Given the material below, return only the lines starting at the line with "Mt Albert Motor" and ending at the line with "Classic World - Flexi Animals", exactly as they appear.
+++ LISTED RECORDS
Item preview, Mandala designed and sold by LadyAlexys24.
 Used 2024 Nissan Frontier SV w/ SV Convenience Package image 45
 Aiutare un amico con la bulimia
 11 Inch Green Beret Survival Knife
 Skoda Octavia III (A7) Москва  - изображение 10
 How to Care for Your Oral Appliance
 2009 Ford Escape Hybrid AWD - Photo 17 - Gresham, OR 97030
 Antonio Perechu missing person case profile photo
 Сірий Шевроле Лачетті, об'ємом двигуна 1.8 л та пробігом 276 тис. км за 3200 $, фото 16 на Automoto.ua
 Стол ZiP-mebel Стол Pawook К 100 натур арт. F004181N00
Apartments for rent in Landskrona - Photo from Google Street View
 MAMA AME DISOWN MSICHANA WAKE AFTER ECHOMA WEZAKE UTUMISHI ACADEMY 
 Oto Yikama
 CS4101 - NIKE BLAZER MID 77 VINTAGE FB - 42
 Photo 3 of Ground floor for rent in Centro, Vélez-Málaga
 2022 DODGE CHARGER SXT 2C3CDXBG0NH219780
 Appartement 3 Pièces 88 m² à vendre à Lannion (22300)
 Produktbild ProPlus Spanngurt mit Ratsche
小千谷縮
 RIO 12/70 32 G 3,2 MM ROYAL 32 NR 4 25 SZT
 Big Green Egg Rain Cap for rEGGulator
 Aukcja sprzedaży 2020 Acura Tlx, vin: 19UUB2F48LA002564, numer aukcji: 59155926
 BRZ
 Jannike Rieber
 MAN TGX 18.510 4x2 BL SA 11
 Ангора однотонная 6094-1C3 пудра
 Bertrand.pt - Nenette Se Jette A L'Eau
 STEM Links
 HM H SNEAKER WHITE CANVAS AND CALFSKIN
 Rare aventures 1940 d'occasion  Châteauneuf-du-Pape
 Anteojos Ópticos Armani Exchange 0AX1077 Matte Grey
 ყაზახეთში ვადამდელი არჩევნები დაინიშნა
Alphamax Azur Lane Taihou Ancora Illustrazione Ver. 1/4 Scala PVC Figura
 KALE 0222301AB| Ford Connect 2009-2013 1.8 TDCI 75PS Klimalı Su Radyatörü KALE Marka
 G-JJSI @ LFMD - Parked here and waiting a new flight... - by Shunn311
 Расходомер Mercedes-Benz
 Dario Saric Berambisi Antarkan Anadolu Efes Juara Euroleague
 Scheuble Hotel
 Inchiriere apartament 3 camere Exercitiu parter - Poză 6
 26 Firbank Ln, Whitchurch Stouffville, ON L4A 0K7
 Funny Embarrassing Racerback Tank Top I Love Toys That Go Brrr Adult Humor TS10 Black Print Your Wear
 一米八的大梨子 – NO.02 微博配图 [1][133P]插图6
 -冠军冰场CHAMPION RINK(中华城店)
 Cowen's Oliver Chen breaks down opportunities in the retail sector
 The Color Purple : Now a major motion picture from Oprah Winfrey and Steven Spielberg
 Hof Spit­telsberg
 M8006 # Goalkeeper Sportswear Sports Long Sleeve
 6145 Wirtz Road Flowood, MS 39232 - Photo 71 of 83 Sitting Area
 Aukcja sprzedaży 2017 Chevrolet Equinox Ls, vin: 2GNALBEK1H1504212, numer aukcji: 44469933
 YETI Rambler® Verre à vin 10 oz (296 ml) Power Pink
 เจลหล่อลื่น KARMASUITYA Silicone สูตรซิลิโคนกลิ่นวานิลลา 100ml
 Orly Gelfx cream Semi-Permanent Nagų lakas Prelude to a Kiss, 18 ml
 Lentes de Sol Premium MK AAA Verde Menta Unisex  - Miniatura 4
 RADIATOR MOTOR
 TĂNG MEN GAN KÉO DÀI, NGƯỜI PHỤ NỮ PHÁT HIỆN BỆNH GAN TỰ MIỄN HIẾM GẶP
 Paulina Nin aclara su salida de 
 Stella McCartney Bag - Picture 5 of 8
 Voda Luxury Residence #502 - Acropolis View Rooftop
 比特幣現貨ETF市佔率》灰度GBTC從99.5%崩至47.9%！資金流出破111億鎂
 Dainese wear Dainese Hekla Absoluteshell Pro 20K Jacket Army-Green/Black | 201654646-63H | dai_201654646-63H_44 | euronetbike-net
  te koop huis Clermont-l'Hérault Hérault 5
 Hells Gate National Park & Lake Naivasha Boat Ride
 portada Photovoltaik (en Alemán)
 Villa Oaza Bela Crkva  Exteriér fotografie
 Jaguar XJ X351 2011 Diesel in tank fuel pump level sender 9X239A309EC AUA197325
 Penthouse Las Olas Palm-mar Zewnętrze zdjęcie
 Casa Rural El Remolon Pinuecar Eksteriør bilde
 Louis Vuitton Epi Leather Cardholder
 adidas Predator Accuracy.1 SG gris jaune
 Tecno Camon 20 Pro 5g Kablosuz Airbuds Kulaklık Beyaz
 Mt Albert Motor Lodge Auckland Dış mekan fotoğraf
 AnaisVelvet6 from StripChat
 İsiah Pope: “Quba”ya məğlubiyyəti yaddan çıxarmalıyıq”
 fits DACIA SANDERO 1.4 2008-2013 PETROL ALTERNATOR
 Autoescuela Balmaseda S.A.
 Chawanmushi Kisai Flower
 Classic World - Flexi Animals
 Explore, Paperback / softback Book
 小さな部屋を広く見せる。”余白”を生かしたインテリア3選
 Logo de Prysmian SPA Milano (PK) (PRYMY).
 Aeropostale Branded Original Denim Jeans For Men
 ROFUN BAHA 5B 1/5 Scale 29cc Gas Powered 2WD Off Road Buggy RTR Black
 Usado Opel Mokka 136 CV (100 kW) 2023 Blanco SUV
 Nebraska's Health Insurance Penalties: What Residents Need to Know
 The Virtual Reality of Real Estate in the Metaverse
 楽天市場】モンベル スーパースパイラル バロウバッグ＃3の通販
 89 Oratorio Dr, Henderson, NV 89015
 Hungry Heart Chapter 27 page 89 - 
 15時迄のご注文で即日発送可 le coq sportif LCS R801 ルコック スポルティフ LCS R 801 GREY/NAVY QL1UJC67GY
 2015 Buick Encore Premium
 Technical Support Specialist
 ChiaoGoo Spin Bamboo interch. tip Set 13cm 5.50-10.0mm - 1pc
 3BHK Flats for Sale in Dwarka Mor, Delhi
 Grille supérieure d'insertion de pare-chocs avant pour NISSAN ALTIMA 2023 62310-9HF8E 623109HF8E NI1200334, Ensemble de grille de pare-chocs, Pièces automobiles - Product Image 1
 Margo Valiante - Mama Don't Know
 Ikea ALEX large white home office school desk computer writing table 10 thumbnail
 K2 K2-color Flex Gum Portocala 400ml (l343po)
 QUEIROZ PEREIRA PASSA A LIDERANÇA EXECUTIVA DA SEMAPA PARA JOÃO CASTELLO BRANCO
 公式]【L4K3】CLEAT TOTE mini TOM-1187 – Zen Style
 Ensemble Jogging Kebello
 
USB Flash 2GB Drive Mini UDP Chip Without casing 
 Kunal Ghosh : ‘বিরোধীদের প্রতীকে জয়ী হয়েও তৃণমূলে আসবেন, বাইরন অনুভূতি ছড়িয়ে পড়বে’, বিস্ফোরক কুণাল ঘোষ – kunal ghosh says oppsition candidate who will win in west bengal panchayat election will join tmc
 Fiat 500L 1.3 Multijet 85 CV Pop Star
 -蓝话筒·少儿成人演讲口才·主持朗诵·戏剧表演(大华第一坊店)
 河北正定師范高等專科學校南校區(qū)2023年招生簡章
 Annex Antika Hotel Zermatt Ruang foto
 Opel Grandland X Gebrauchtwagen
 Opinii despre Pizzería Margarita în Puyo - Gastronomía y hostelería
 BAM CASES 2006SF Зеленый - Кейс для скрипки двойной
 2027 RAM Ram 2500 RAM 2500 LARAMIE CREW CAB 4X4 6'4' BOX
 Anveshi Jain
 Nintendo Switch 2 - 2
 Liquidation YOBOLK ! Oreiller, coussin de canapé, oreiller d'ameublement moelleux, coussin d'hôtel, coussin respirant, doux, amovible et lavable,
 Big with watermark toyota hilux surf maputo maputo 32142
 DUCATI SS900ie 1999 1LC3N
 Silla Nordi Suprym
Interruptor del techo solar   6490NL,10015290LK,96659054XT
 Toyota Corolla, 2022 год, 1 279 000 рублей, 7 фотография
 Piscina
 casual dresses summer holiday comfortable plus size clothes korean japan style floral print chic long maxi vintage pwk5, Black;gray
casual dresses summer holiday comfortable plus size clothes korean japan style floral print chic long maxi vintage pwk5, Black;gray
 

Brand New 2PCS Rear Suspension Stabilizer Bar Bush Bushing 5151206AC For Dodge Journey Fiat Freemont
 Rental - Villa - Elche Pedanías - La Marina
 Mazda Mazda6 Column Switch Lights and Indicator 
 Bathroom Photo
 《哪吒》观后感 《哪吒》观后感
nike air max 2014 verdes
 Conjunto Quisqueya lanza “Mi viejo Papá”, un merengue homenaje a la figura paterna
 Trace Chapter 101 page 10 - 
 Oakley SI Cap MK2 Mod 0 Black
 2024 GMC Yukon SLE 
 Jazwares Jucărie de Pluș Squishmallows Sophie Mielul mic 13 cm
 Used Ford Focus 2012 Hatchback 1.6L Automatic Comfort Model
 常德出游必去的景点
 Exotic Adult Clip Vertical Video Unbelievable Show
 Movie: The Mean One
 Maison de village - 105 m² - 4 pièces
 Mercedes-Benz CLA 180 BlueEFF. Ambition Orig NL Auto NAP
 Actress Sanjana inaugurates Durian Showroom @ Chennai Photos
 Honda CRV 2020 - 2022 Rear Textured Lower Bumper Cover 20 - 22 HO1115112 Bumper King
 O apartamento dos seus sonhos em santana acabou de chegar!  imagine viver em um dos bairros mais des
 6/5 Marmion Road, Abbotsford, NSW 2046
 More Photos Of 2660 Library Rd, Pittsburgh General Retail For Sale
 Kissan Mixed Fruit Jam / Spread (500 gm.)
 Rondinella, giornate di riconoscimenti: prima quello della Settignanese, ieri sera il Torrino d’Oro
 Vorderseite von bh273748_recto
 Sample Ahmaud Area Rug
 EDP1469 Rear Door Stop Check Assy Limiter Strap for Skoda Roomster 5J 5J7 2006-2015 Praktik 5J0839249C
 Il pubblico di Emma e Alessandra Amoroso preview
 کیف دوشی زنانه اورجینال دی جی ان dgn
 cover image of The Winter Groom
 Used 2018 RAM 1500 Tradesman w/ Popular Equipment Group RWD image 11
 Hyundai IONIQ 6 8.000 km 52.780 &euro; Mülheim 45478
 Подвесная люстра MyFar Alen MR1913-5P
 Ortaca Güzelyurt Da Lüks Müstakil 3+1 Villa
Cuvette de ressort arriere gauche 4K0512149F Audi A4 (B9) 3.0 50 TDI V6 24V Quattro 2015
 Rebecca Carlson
++++++
_THE COMPLETED TASK_:
 Mt Albert Motor Lodge Auckland Dış mekan fotoğraf
 AnaisVelvet6 from StripChat
 İsiah Pope: “Quba”ya məğlubiyyəti yaddan çıxarmalıyıq”
 fits DACIA SANDERO 1.4 2008-2013 PETROL ALTERNATOR
 Autoescuela Balmaseda S.A.
 Chawanmushi Kisai Flower
 Classic World - Flexi Animals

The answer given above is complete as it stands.